[thelist] What shall we do with the W3C DOM?

Luther, Ron Ron.Luther at hp.com
Wed Nov 6 13:13:01 CST 2002


Hi PPK,

Nice example. Okay.  I can certainly see some possibilities
a little clearer now. [Or maybe I'm more awake.] Anyway, it
definitely has value in an Intranet setting.

Since you brought up Intranets ... let me take you down a
little side street here for a minute.  Having a locked down
Intranet opens the possibility for folks to use third party
products that you don't normally run into in 'Inter' space.
Some of these products already provide a lot of the
functionality you may be talking or thinking about.

I spend a lot of time building Intranet reports using one of
these 'Enterprise' web-enabled reporting packages. The product
I use is called Brio.

{There are other packages out there: Business Objects and whatever
that critter from InfoBuilders in called, to almost name two.  I
prefer Brio because it has a [somewhat proprietary] version of
JavaScript that let's you very nearly turn 'reports' into
'applications'. [2]}

The reports I develop sit on a production server. Users access
the reports using IE ... along with a small browser plug-in.

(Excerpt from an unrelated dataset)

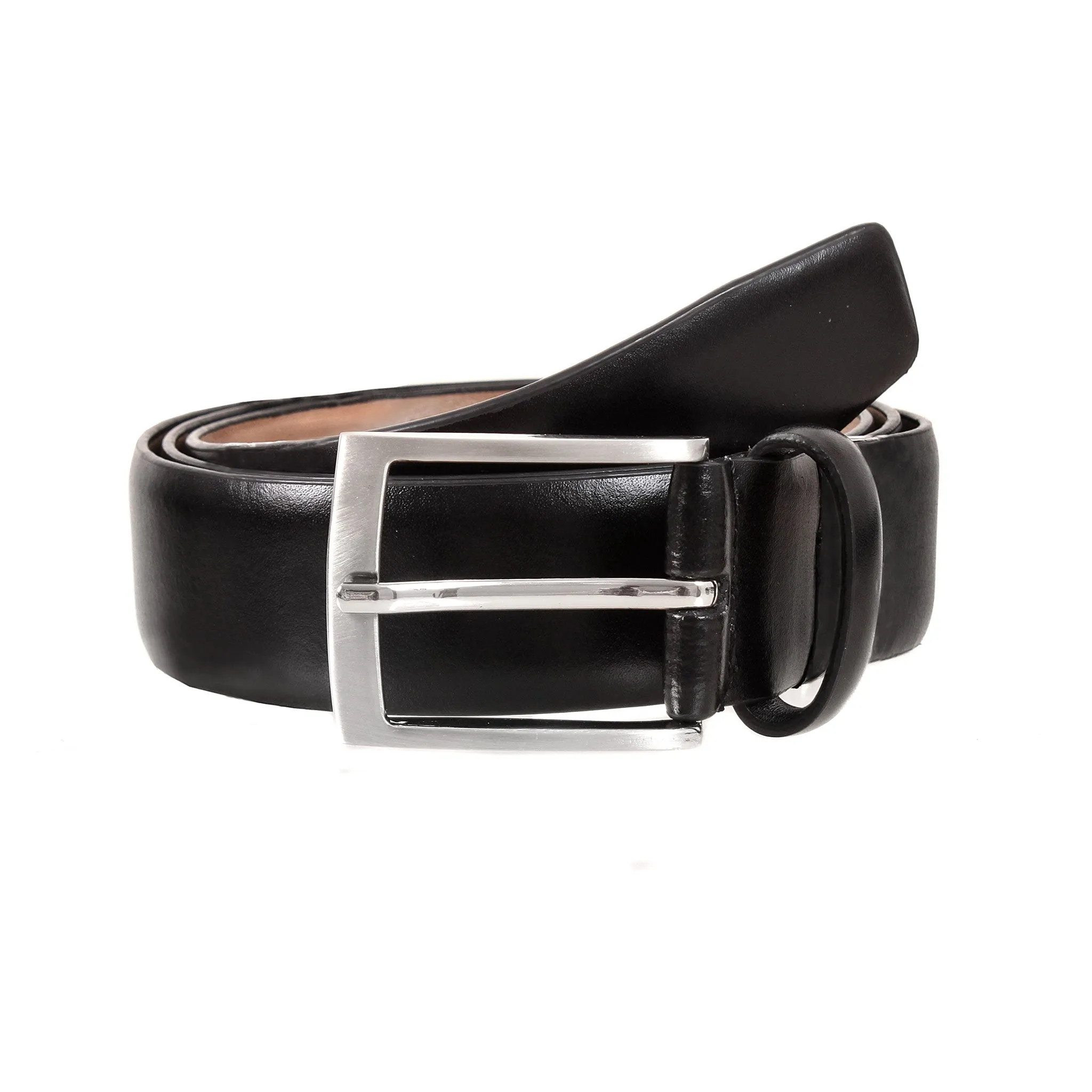 Men's Contrast-Lined Leather Belt with Satin Nickel Buckle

Once they have the report open, users can re-arrange the order
of the columns of data, change the sort, add filters, add totals,
hide some columns of data, unhide columns of data that I've hidden,
add new sections of data [1], or add bar or pie charts.

The users have _some_ level of control over the presentation;
they can bold fields of returned data - or change text colors.
Users can also create and/or manipulate 'pivot table' type
sections for additional data analysis.

One of the "coolest" features is that users can *create* new
columns of data by inserting equations using the existing data.
[And if they insert an erroneous equation they'll get back an error
message like "#VALUE" for that computed column only -- without breaking
the rest of the report.]

After a user has made these changes to ruin my carefully crafted
design ... uh ... I mean 'personalize' the report they use to
do their job more efficiently, they can save it to their desktop.
Heck, they can even email it to the rest of their organization.

Tomorrow they can open an IE window, drag this icon from their
desktop over the window and drop it - and their customized report
will reappear.

[They will, however, have to push a button to refresh the data.]


Granted - products like this only work in a 'report' setting and
aren't providing WYSIWYG capabilities for the overall design - or
all elements, but I think this may give you some ideas for practical
application on an Intranet.

{There have been a newspaper or two that already let users create
'customized' comics page by letting them select the comics they
want to see and not displaying the rest.}


HTH,

RonL.


[1] Perhaps I did a 'world-wide' report view and the user is only
interested in seeing results for Europe.  They could set a filter
on the region column and cut the results to Europe ... or ... they
could add a new report section, copy in the columns they want, name
that section 'Europe', filter this new section and leave the
'world-wide' view intact.  Their choice.

[2] Although, depending how you set it up, I think Business Objects
lets you register a data model on the server for your users to access.
Once they pull up that data model the users are pretty much in full ad-hoc
reporting mode - selecting columns they want from the tables they want
and doing the formatting they want to do.

-----Original Message-----
From: Peter-Paul Koch [mailto:gassinaumasis at hotmail.com]

Yes, all valid possibilities. It would depend on the kind of site, but
there's no reason *not* to make such an interface. For Intranets,
especially, I think it would be very valuable.

I created a small form application that allows the user to choose exactly
how many form fields he wants to see. This is the sort of thing I mean:
http://www.xs4all.nl/~ppk/js/domform.html

Anyway, I hope for more ideas and discussion.